If the project could evidence greater staff engagement, improved morale and well-being, better staff retention rates, and reduced grievances over the long term, then both The OCM and TfC would know they had achieved their goals.
The Results
Coaching has transformed interactions between colleagues, and the program has given TfC new techniques that can be used effectively with children and their families. Employees also are active listening and asking the right questions to enable colleagues to seek their own solutions.
Coaching also led to the creation of a new performance management program called Thrive@TfC, which has shifted the previous focus on task-based conversations to conversations focusing on well-being, impact, behaviors, and development.
In addition, a coaching pool open to all staff was created. Several employees now are engaged with accredited coaches, enabling solution-focused development. TfC has built a behavioral framework with coaching at the core, and it sees the trickle-down impact most days, not just in the overall culture, but also in its engagement with children, young people, and families.
TfC currently has the lowest recorded number of grievances and disciplinary cases since the organization’s inception. This is, in part, due to the positive coaching culture, as well as the development of a coaching pool and the creation of a mediation program.
Even more revealing is the data from the key metrics identified at the start of the project. The annual TfC staff survey shows exceptional results, with improved leadership communication up 39 percent from June 2019 to June 2023; morale up 28 percent; and career development and career progression opportunities up 20 percent, plus a rise of 17 percent in employees stating they see themselves remaining in their role in the next year.

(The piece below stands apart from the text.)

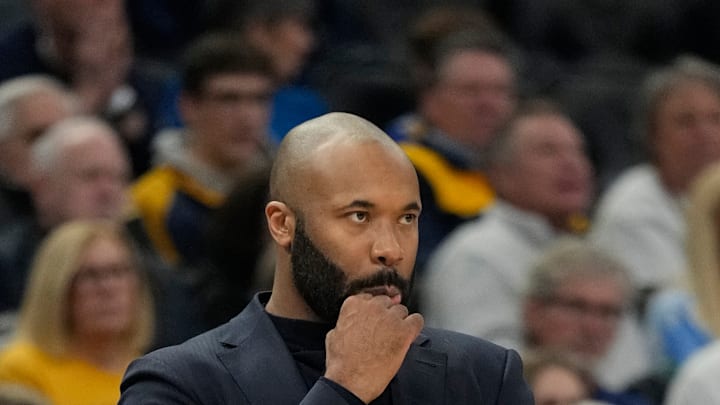 Villanova v U'Conn promises to be a beard-twisting extravaganza for the WIldcat's second-year head-coach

As a result of the program, all TfC leaders are externally trained coaches, something that is believed to be unprecedented in UK children’s services.
One of the leaders at TfC commented, “We work in a highly regulated environment where we were constantly being externally moderated, assessed and measured. We didn’t have the time not to be doing our day job. What the team coaching allowed was for us to take a breath and step back from things and to collectively review where we were at, and challenge some of the behaviors we had just learned to accept.”
Another leader said, “Coaching hasn’t been a quick fix, it has taken a lot of time, effort, and investment from everybody across the company. But the feeling of being invested in, being challenged, and being pushed to think differently about how we can achieve success has changed our way of thinking.”
The coaching journey continues today, testament to the value The OCM has brought to the organization. TfC is ensuring all new managers are trained in coaching fundamentals so staff continue to benefit from the positive principles it brings. Other councils and children’s services now are learning how TfC made the leap from a rating of “inadequate” for five years, to “outstanding” using coaching and mentoring as a catalyst for change.
Key Takeaways
Coaching has changed the way TfC operates. In doing so, it has directly impacted its ability to provide transformative services to children, young people, and their families across Sunderland.
The program has been praised by the HR and learning and development community in the UK, with The OCM winning the Highly Commended Award for the Best L&D initiative at the 2023 CIPD People Management Awards, and in the U.S. as the GOLD HCM Excellence Award Winner 2023 – Leadership Development, Best Advance in Coaching and Mentoring.